> Task prompt: Nothing but the lines below from the one that contains "uxcell Leather Straps, 1.2" through the one that contains "Abstract digital tree" should be retyped, exactly and including both ends. Do not include pictures.

> Given information:
________________
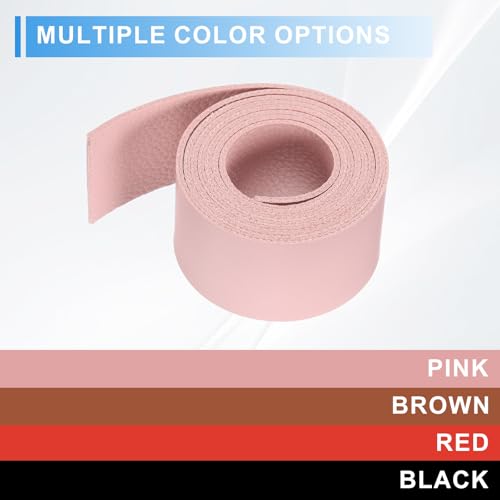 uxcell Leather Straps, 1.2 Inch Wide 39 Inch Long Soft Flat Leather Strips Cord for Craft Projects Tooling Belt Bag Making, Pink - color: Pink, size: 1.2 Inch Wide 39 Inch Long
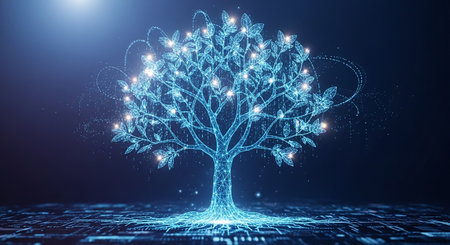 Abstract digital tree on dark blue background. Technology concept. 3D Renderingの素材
________________
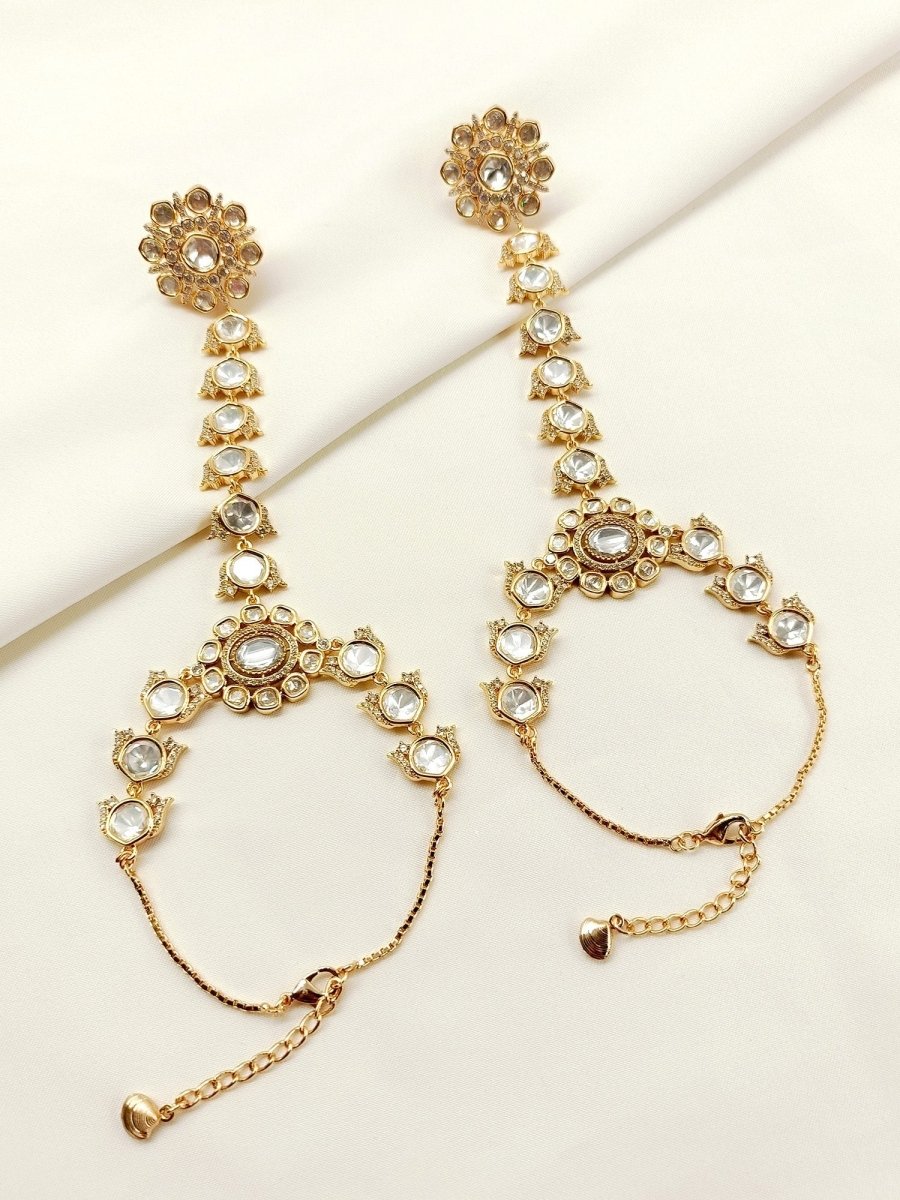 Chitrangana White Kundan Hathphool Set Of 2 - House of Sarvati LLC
________________
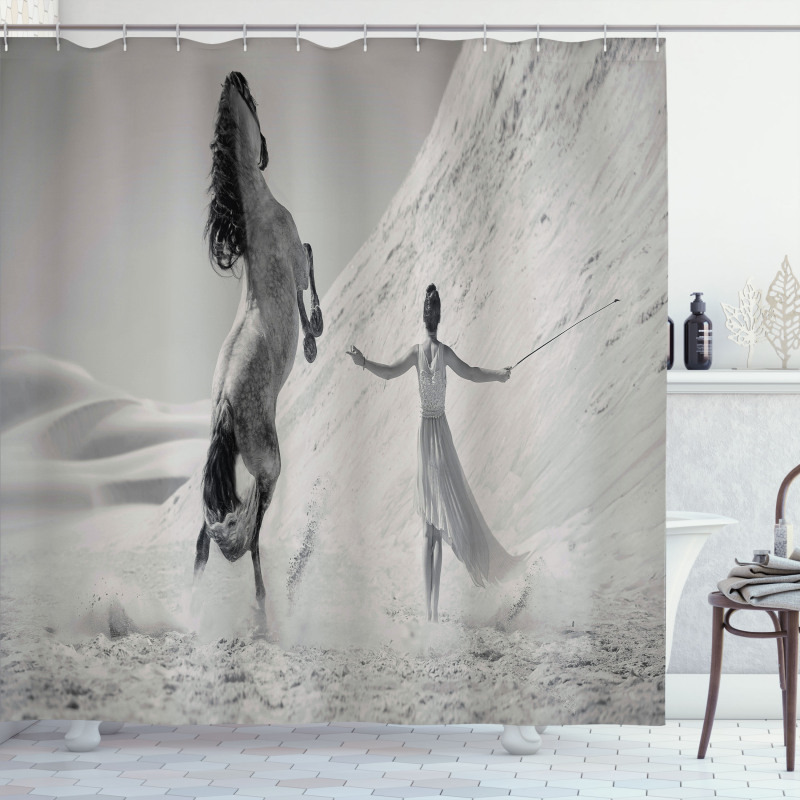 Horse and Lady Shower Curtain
________________
> Response box:
 uxcell Leather Straps, 1.2 Inch Wide 39 Inch Long Soft Flat Leather Strips Cord for Craft Projects Tooling Belt Bag Making, Pink - color: Pink, size: 1.2 Inch Wide 39 Inch Long
 Abstract digital tree on dark blue background. Technology concept. 3D Renderingの素材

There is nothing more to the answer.